» Exercise description
Include in the output exactly the lines from the opening of the data through the line containing "HEWI System 162", and nothing more.

═══ Source material ═══

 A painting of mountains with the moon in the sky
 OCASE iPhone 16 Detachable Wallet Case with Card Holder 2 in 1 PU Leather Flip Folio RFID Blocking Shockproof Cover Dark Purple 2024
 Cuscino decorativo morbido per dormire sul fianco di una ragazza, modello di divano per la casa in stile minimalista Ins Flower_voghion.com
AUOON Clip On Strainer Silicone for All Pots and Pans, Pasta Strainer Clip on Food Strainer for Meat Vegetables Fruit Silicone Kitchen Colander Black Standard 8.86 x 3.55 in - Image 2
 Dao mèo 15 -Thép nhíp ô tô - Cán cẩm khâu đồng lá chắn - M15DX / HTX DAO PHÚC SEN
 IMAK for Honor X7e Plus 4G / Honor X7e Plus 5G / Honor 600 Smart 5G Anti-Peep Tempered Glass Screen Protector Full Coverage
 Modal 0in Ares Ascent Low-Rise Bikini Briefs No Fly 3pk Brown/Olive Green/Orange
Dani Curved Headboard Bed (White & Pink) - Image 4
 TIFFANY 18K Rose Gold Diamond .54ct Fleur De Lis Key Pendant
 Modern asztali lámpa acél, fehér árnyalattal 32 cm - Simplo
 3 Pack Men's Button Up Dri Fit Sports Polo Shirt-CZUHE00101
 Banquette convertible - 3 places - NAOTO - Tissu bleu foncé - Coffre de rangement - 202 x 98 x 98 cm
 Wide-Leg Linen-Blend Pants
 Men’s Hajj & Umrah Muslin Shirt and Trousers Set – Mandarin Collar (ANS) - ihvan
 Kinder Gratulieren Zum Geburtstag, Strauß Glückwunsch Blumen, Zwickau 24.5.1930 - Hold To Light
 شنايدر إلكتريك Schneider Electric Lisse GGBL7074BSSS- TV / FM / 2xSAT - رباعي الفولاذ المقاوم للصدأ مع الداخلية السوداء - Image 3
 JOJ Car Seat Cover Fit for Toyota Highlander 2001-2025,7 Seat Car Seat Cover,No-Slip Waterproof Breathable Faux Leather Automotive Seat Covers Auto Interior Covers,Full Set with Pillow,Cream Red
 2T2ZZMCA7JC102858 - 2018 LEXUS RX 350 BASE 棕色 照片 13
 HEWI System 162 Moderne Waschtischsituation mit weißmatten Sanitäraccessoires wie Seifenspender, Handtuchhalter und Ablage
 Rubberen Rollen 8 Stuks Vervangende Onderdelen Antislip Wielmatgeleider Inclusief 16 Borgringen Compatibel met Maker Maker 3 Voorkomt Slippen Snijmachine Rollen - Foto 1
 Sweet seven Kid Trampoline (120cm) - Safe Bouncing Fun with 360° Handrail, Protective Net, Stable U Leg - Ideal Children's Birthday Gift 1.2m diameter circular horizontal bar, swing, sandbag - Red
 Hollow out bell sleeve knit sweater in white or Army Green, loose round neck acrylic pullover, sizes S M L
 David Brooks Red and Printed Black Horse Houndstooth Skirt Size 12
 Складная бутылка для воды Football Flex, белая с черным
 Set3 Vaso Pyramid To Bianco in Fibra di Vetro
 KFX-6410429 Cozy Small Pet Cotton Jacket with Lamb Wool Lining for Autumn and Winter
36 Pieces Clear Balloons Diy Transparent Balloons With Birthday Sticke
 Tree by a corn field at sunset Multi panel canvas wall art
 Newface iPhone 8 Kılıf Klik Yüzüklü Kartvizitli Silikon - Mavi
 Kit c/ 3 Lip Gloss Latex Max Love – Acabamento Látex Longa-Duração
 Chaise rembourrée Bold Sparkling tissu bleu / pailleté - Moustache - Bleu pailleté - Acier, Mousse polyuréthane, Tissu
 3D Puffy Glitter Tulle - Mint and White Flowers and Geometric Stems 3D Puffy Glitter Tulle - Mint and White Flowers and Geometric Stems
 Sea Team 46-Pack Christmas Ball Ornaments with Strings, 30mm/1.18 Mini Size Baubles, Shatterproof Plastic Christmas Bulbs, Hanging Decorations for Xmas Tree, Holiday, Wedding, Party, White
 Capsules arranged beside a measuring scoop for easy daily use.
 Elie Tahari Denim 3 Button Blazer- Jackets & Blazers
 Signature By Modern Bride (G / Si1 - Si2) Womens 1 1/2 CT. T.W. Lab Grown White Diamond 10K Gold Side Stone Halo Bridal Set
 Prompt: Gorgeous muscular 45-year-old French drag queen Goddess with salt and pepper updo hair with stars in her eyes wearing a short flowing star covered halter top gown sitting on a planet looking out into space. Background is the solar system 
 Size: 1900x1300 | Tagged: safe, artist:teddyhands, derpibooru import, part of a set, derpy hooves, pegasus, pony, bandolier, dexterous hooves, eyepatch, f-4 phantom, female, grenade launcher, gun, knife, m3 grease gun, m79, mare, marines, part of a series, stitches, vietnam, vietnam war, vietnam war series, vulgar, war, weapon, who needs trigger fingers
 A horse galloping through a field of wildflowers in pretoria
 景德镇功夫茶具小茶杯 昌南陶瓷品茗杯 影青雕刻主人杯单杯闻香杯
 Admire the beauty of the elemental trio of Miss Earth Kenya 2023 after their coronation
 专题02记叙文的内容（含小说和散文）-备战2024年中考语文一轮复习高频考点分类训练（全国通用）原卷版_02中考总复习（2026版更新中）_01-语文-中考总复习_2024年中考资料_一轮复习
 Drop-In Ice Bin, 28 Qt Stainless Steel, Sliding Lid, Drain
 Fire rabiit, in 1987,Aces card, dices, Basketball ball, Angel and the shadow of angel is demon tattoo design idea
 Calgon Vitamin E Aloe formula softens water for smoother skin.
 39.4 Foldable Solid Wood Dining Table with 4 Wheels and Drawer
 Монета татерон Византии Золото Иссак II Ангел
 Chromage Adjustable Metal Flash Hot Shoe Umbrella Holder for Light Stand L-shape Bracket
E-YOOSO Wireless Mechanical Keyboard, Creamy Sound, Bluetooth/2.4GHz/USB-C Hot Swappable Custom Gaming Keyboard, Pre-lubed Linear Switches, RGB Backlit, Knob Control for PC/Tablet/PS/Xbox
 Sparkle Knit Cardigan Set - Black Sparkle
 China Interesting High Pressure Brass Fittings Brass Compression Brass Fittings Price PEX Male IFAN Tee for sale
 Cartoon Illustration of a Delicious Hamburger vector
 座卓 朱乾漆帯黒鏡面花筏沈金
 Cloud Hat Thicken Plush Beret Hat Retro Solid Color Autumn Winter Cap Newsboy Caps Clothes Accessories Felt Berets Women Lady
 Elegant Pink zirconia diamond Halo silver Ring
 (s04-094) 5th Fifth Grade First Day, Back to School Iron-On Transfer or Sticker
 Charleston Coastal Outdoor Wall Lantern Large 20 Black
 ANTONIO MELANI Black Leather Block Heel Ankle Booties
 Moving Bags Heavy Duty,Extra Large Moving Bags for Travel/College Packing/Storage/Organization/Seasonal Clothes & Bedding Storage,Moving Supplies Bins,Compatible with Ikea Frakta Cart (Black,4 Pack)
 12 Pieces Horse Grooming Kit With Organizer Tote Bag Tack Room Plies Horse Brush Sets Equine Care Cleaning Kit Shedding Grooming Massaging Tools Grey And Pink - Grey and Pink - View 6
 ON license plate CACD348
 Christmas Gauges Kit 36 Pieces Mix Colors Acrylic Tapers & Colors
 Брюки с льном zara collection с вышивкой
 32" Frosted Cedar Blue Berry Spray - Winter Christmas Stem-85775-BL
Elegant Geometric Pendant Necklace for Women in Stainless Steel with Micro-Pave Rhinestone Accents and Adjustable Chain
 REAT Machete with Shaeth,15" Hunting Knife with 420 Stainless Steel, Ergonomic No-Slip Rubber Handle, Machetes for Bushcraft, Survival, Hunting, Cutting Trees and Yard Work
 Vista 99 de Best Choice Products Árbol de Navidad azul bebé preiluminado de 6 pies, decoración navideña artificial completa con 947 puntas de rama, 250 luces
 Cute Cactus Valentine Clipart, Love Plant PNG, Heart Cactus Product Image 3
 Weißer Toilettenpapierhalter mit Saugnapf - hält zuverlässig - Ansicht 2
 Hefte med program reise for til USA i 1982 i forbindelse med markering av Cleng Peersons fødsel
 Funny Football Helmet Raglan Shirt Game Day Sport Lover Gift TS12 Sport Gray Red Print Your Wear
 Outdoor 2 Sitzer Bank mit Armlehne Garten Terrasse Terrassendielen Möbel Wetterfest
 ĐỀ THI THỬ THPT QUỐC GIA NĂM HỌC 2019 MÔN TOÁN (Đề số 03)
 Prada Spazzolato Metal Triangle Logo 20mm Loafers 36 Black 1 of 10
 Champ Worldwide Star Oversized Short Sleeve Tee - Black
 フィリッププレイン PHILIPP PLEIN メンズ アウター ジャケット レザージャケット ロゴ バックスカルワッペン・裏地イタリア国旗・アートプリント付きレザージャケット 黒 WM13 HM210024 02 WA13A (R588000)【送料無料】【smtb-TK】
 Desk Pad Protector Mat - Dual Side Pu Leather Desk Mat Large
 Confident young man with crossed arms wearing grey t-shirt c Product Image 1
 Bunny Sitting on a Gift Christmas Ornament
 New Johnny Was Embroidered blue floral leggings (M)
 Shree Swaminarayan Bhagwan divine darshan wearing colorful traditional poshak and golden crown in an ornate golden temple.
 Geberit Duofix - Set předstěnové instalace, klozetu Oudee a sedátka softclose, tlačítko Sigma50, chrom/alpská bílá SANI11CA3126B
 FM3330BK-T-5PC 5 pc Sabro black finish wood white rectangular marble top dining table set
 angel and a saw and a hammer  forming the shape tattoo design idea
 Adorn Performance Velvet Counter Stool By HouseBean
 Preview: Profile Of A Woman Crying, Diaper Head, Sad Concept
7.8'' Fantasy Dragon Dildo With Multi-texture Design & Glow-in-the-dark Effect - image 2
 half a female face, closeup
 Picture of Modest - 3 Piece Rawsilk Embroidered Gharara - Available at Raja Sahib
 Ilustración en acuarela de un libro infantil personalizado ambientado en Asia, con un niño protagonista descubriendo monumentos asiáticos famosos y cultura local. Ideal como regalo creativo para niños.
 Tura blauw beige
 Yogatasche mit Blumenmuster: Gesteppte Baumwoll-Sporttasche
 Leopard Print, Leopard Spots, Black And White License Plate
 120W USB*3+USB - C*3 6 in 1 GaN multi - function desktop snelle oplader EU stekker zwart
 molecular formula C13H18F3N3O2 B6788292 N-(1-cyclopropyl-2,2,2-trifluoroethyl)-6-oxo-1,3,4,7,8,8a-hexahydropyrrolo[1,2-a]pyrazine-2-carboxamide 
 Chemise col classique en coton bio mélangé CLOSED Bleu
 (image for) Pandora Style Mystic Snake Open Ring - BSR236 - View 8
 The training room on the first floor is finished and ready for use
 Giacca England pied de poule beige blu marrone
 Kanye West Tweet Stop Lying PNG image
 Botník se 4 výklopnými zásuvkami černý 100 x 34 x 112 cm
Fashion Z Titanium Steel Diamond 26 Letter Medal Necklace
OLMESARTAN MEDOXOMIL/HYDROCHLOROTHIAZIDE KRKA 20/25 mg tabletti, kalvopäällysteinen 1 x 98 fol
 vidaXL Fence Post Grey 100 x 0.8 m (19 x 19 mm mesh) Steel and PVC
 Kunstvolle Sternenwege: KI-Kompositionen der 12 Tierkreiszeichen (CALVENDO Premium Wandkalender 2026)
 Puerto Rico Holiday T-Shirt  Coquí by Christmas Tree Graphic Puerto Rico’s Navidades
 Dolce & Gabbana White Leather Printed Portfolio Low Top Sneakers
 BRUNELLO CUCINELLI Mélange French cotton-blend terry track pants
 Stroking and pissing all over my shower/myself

═══

» Answer section
 A painting of mountains with the moon in the sky
 OCASE iPhone 16 Detachable Wallet Case with Card Holder 2 in 1 PU Leather Flip Folio RFID Blocking Shockproof Cover Dark Purple 2024
 Cuscino decorativo morbido per dormire sul fianco di una ragazza, modello di divano per la casa in stile minimalista Ins Flower_voghion.com
AUOON Clip On Strainer Silicone for All Pots and Pans, Pasta Strainer Clip on Food Strainer for Meat Vegetables Fruit Silicone Kitchen Colander Black Standard 8.86 x 3.55 in - Image 2
 Dao mèo 15 -Thép nhíp ô tô - Cán cẩm khâu đồng lá chắn - M15DX / HTX DAO PHÚC SEN
 IMAK for Honor X7e Plus 4G / Honor X7e Plus 5G / Honor 600 Smart 5G Anti-Peep Tempered Glass Screen Protector Full Coverage
 Modal 0in Ares Ascent Low-Rise Bikini Briefs No Fly 3pk Brown/Olive Green/Orange
Dani Curved Headboard Bed (White & Pink) - Image 4
 TIFFANY 18K Rose Gold Diamond .54ct Fleur De Lis Key Pendant
 Modern asztali lámpa acél, fehér árnyalattal 32 cm - Simplo
 3 Pack Men's Button Up Dri Fit Sports Polo Shirt-CZUHE00101
 Banquette convertible - 3 places - NAOTO - Tissu bleu foncé - Coffre de rangement - 202 x 98 x 98 cm
 Wide-Leg Linen-Blend Pants
 Men’s Hajj & Umrah Muslin Shirt and Trousers Set – Mandarin Collar (ANS) - ihvan
 Kinder Gratulieren Zum Geburtstag, Strauß Glückwunsch Blumen, Zwickau 24.5.1930 - Hold To Light
 شنايدر إلكتريك Schneider Electric Lisse GGBL7074BSSS- TV / FM / 2xSAT - رباعي الفولاذ المقاوم للصدأ مع الداخلية السوداء - Image 3
 JOJ Car Seat Cover Fit for Toyota Highlander 2001-2025,7 Seat Car Seat Cover,No-Slip Waterproof Breathable Faux Leather Automotive Seat Covers Auto Interior Covers,Full Set with Pillow,Cream Red
 2T2ZZMCA7JC102858 - 2018 LEXUS RX 350 BASE 棕色 照片 13
 HEWI System 162 Moderne Waschtischsituation mit weißmatten Sanitäraccessoires wie Seifenspender, Handtuchhalter und Ablage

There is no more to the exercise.